Is Your Honeymoon Really Necessary? is a 1953 British comedy film directed by Maurice Elvey and starring Bonar Colleano, Diana Dors, David Tomlinson and Diana Decker. It was written by Talbot Rothwell based on Vivian Tidmarsh's 1944 West End hit play of the same name.

==Plot==
When US Navy airman Commander Laurie Vining takes up his new posting in London with his new wife Gillian he has no idea that his first wife Candy Markham will turn up and threaten his marital bliss by claiming they are still married. Faithful confidant Hank Hanlon continually stirs things up and tries to keep order.
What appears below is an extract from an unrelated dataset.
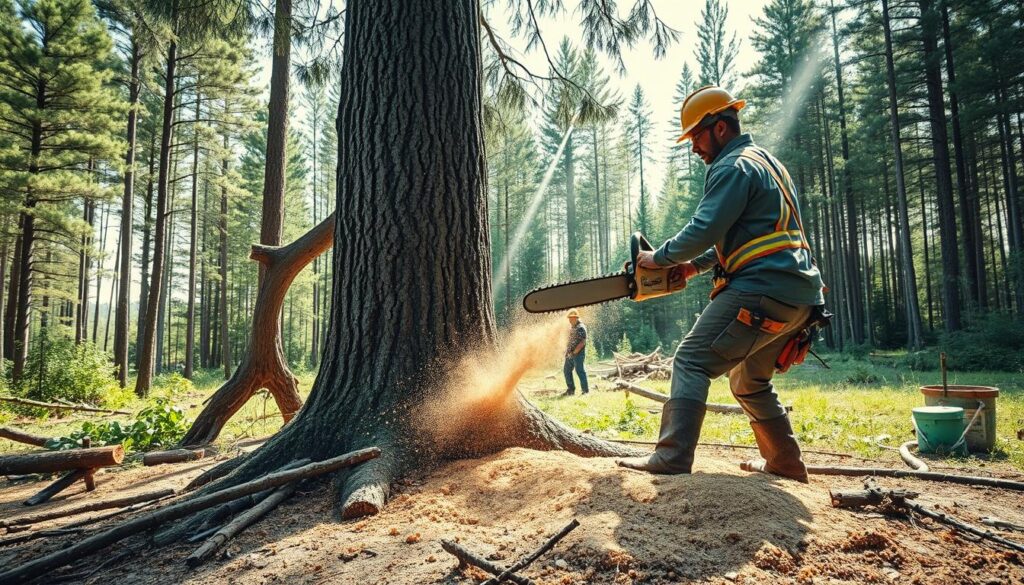 A dynamic scene of tree felling in an open forest, showcasing a skilled professional in a hard hat and safety gear, expertly using a chainsaw to cut down a large pine tree. The foreground features scattered sawdust and fallen branches, capturing the intensity of the task. In the middle ground, the tree is leaning slightly, poised to fall, while another worker stands safely at a distance, observing the process. The background presents a lush, green forest with shafts of sunlight filtering through the canopy, creating a warm and natural atmosphere. The image is captured from a slightly low angle to emphasize the height of the tree and the action taking place, with vibrant colors highlighting the contrast between the tree's bark and the surrounding greenery. A dynamic scene of tree felling in an open forest, showcasing a skilled professional in a hard hat and safety gear, expertly using a chainsaw to cut down a large pine tree. The foreground features scattered sawdust and fallen branches, capturing the intensity of the task. In the middle ground, the tree is leaning slightly, poised to fall, while another worker stands safely at a distance, observing the process. The background presents a lush, green forest with shafts of sunlight filtering through the canopy, creating a warm and natural atmosphere. The image is captured from a slightly low angle to emphasize the height of the tree and the action taking place, with vibrant colors highlighting the contrast between the tree's bark and the surrounding greenery.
Other lives that are changed forever by the intervention include lawyer Frank Betterton.

==Cast==
- Bonar Colleano as Commander Laurie Vining
- Diana Dors as Candy Markham
- David Tomlinson as Frank Betterton
- Diana Decker as Gillian Vining
- Sid James as Hank Hanlon
- Audrey Freeman as Lucy
- Hubert Woodward as Hicks
- MacDonald Parke as Admiral Fields
- Lou Jacobi as Captain Noakes

==Production==
The play debuted in 1944 in London, originally starring Ralph Lynn, and ran for almost three years. Film rights were bought in February 1953 as a vehicle for Diana Dors.

Filming took place over four weeks in April at Nettlefold Studios, Walton-on-Thames. Dors was paid a fee of £1,000.

==Critical reception==
According to BFI's Screenonline, the "film belongs to Dors. Ideally cast as mischievous, ultra-blonde temptress Candy, she sashays towards centre stage with a seemingly effortless lightness of step, adding much-needed sparkle to well-worn material. While never appearing to take herself – or the script – the slightest bit seriously, she steals the show with careless assurance."

The Monthly Film Bulletin called it an "uneven bedroom farce. On the debit side: time-worn situations, bad timing; on the credit side: some good playing from David Tomlinson, as yet another shy, respectable Englishman, and from Diana Dors, responding to the essence of the piece beautifully by exuding 100 per cent sex."

Filmink said Dors was "full of life and vigour".